* TASK STATEMENT: Beginning at the line containing "living area with", repeat each line below exactly up to and including the line containing "Fototapeta premium Raw". Do not repeat the pictures.

DATA FOR THE TASK START

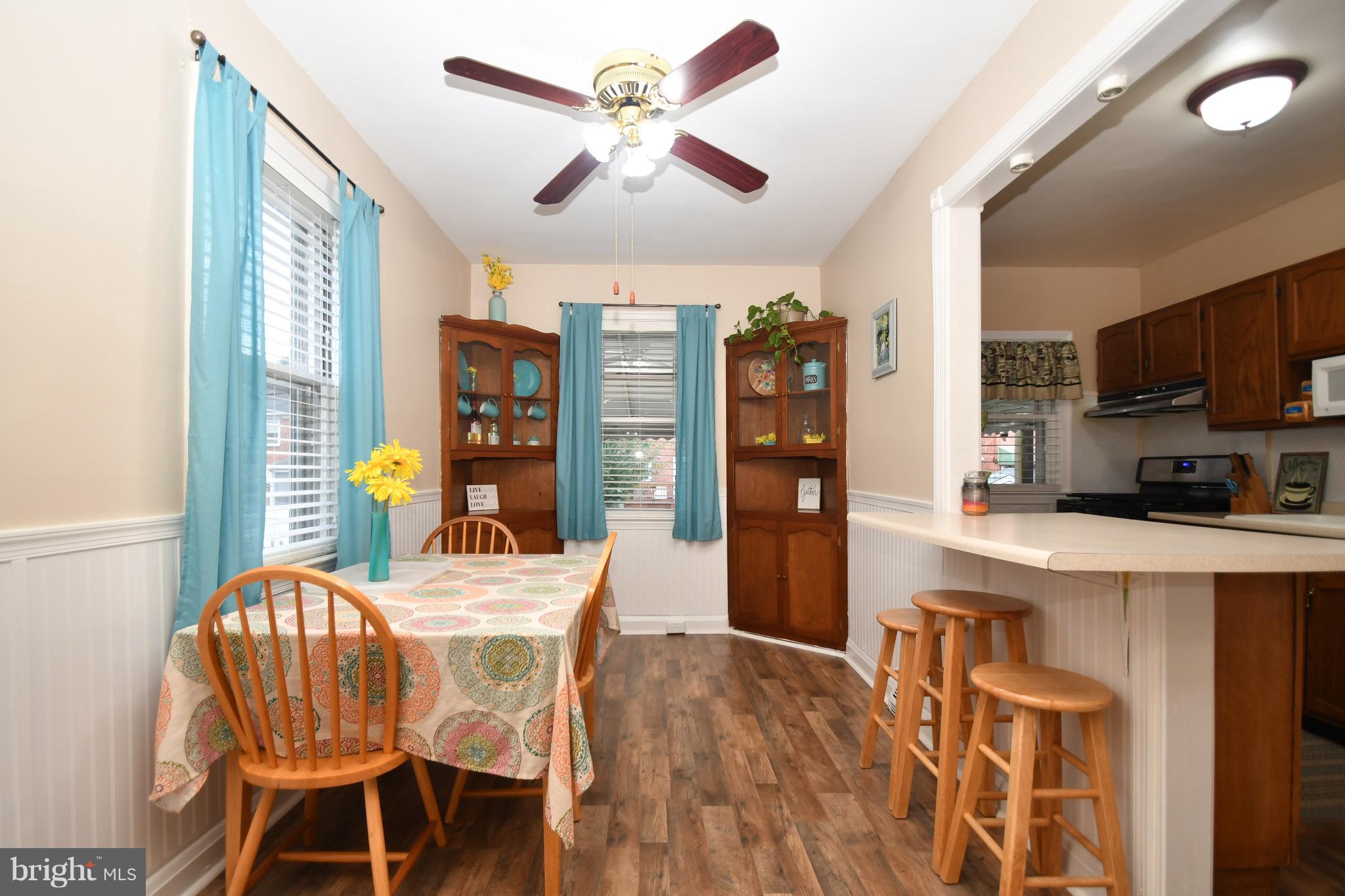 58 Berkshire Road Baltimore, MD 21221 - Photo 13 of 41 a dining room with furniture and window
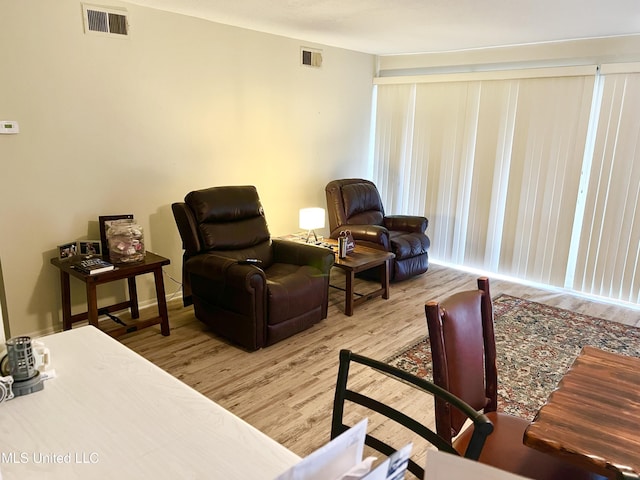 living area with hardwood / wood-style floors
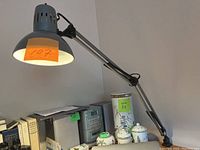 Photo of the gray adjustable metal table lamp on a desk with books and decorative items nearby, showing the lamp extended and angled downward.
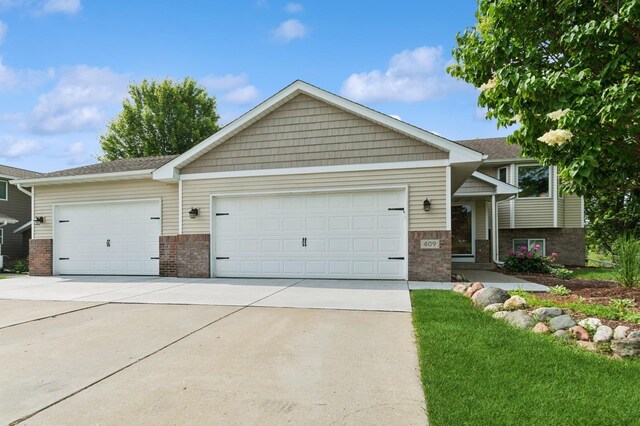 409 Birch Ave NW, Saint Michael, MN 55376 - view of front facade featuring brick siding, concrete driveway, and an attached garage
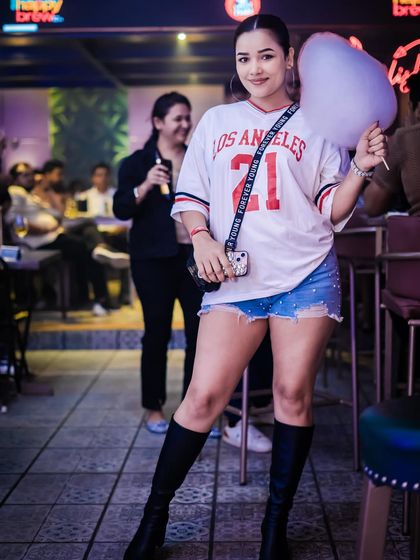 A guest enjoying the pink-themed decor and complimentary cotton candy. The entire venue is transformed to fit the 'Girls Night Out' theme every Tuesday.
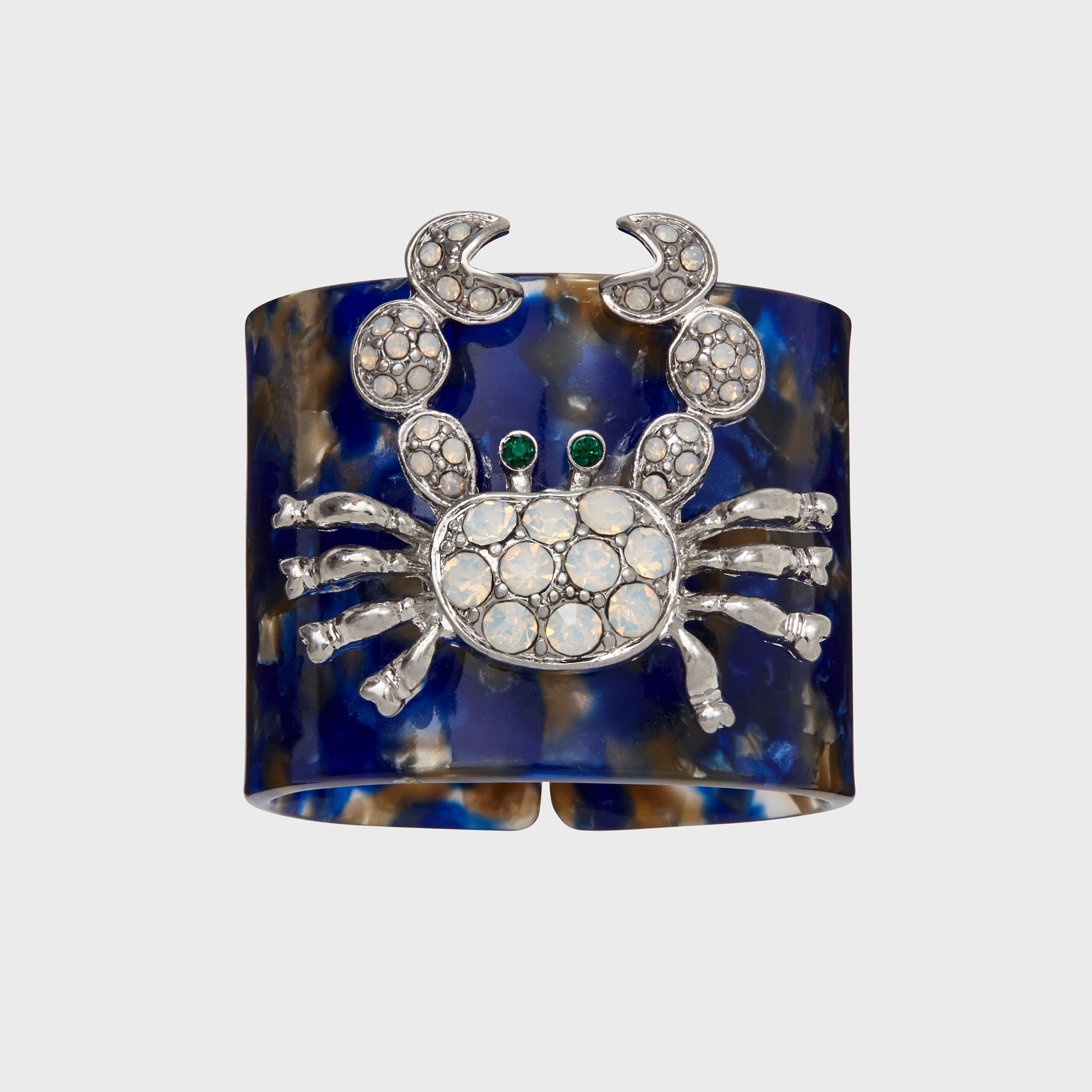 A blue and brown tortoiseshell resin napkin ring with a crab design in the center, adorned with sparkling embellishments.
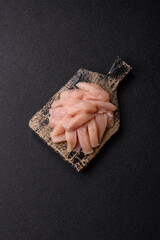 Fototapeta premium Raw chicken or turkey fillet cut into slices with salt, spices and herbs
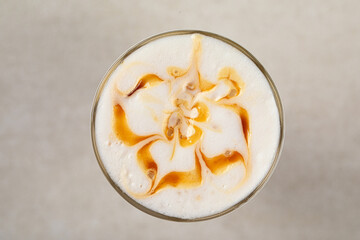 Top view on portion of sweet coffee latte with caramel syrup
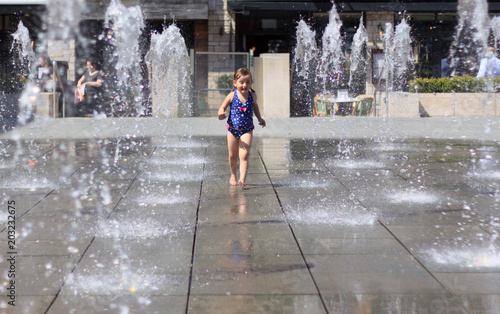 Cute Little Girl in Blue Swimming Suit Playing with Water jets of Street Fountain, Hot Summer Day, Kids Fun, in England, Dorchester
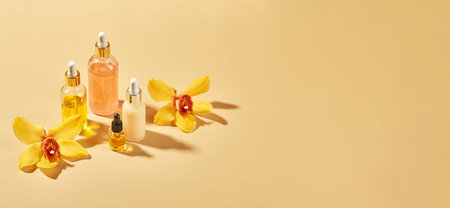 Cosmetic care products in glass bottles with orchid flowers - serums, cream, gel, oils. Concept for...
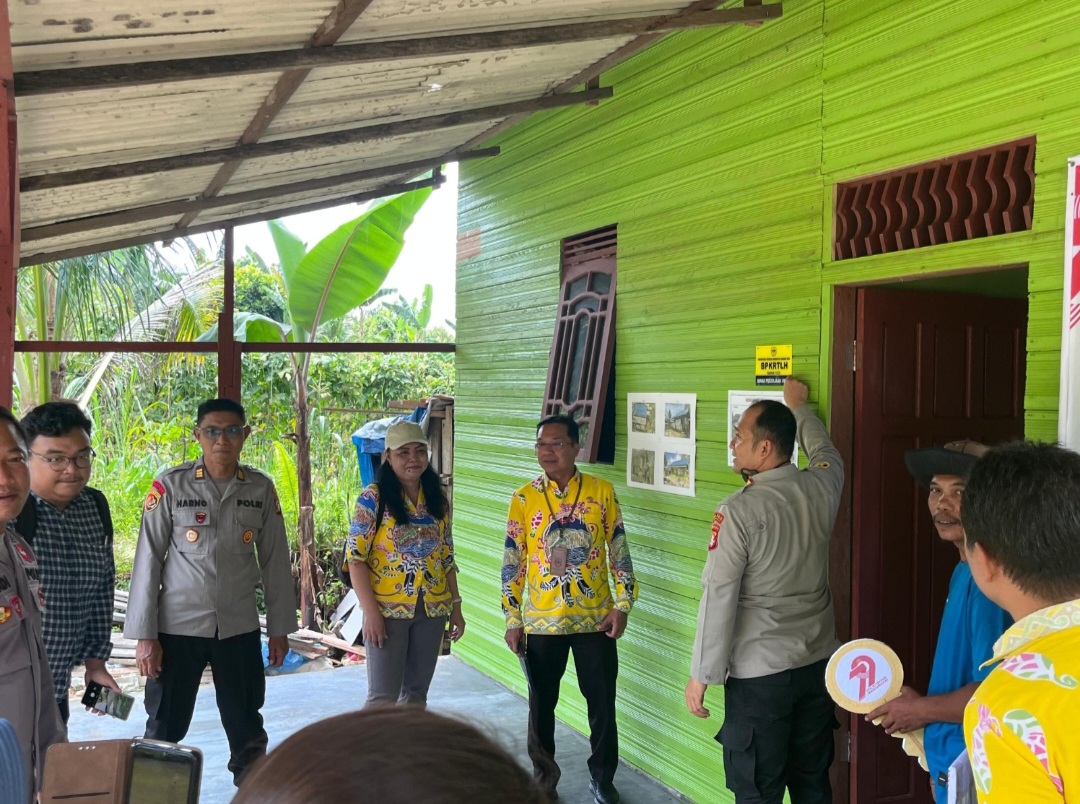 Pihak pemerintah dan Polres Gumas saat meninjau salah satu bangunan rumah yang sudah selesai dibedah.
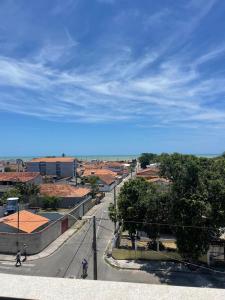 a view of a street in a city with buildings at Flat com vista mar in Mucuri
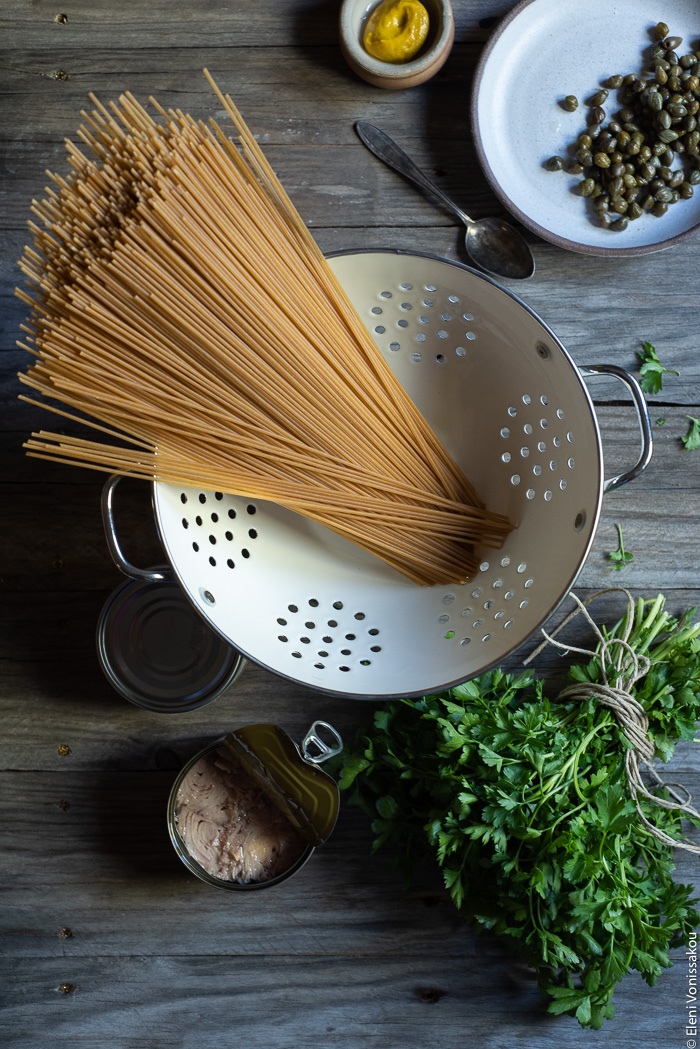 Quick and Easy Smoked Tuna Spaghetti with Parsley and Capers www.thefoodiecorner.gr Photo description: Ingredient shot on a wooden surface. To the top right is a small ceramic plate with capers, next to it a tiny ceramic bowl with English mustard. In the centre of the photo is a large colander with a some uncooked whole wheat spaghetti inside. To the bottom of the colander is a bunch of parsley tied with string and two tins, one of them half opened to show tuna inside.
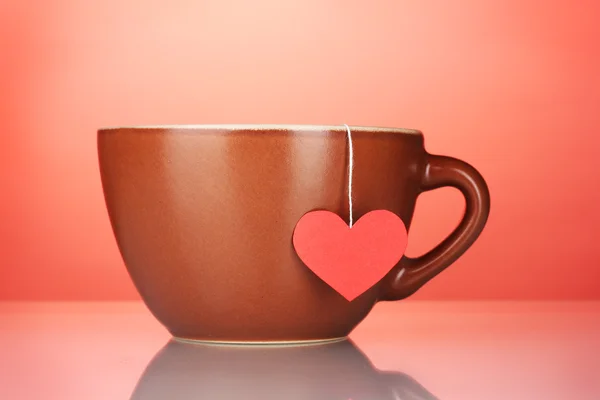 Brown cup and tea bag with red heart-shaped label on red background — Stock Photo, Image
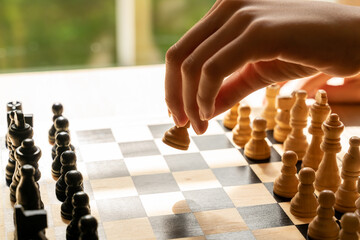 Hand moving a chess piece across the board. Close up with shallow depth of field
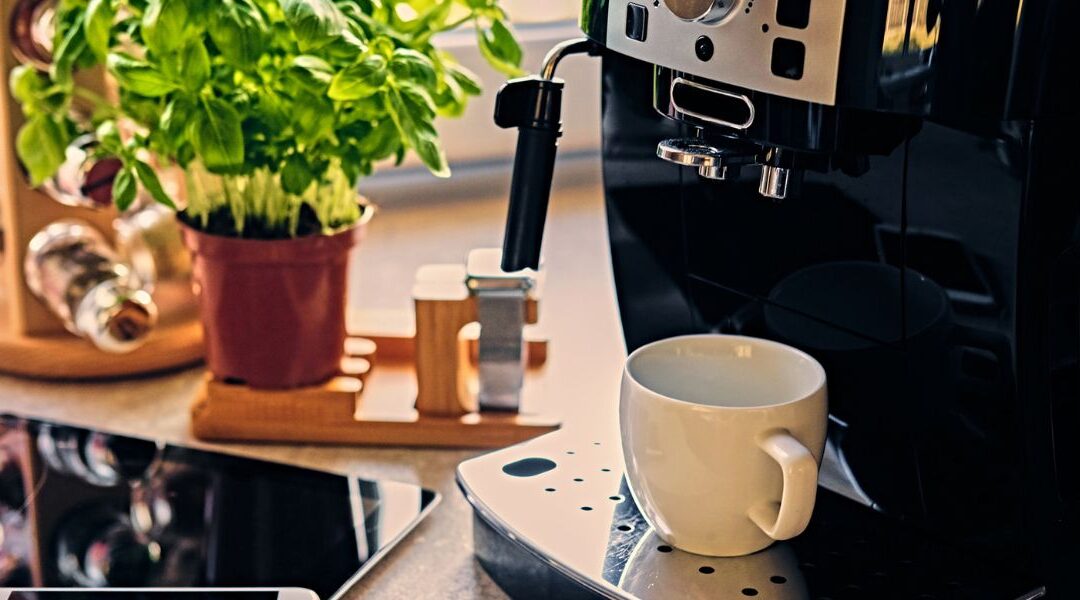 Spice rack, plant, tablet in background. Coffee machine and white mug.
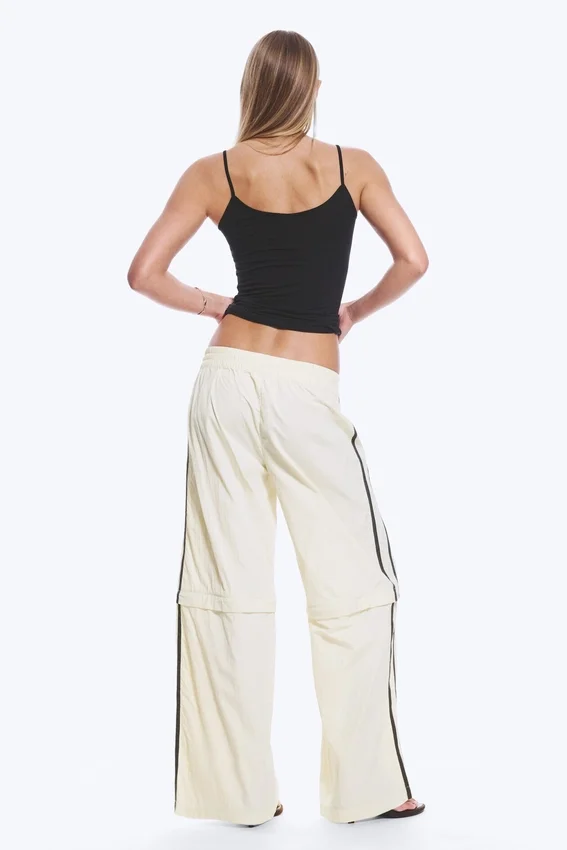 Pantalones de chándal de nailon con cremallera desmontable – Beige – Rayas negras Pantalones de chándal de nailon con cremallera desmontable – Beige – Rayas negras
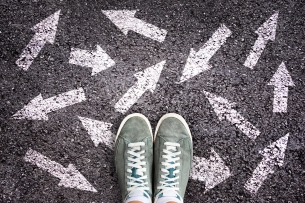 Shot of feet in sneakers with white arrows pointing in all different directions on the ground around them.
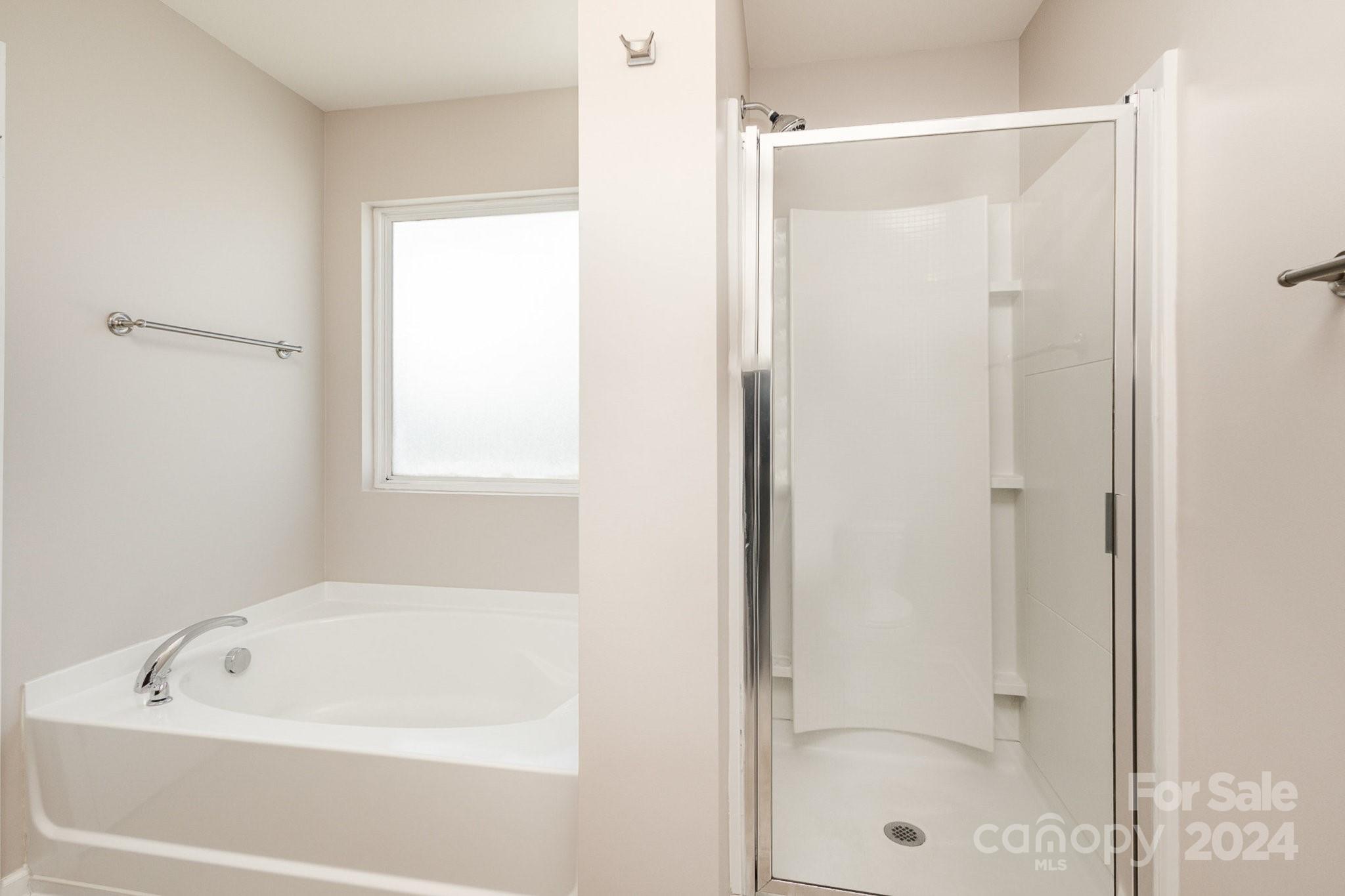 1005 Green Terra Road Indian Trail, NC 28079 - Photo 13 of 19 a bathroom with a bathtub and a shower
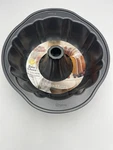 Wilton Baker's Choice Non-stick 9.75-INCH Fluted Tube Pan. Fixed Price $16.99.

DATA FOR THE TASK END

* TASK SOLUTION:
 living area with hardwood / wood-style floors
 Photo of the gray adjustable metal table lamp on a desk with books and decorative items nearby, showing the lamp extended and angled downward.
 409 Birch Ave NW, Saint Michael, MN 55376 - view of front facade featuring brick siding, concrete driveway, and an attached garage
 A guest enjoying the pink-themed decor and complimentary cotton candy. The entire venue is transformed to fit the 'Girls Night Out' theme every Tuesday.
 A blue and brown tortoiseshell resin napkin ring with a crab design in the center, adorned with sparkling embellishments.
 Fototapeta premium Raw chicken or turkey fillet cut into slices with salt, spices and herbs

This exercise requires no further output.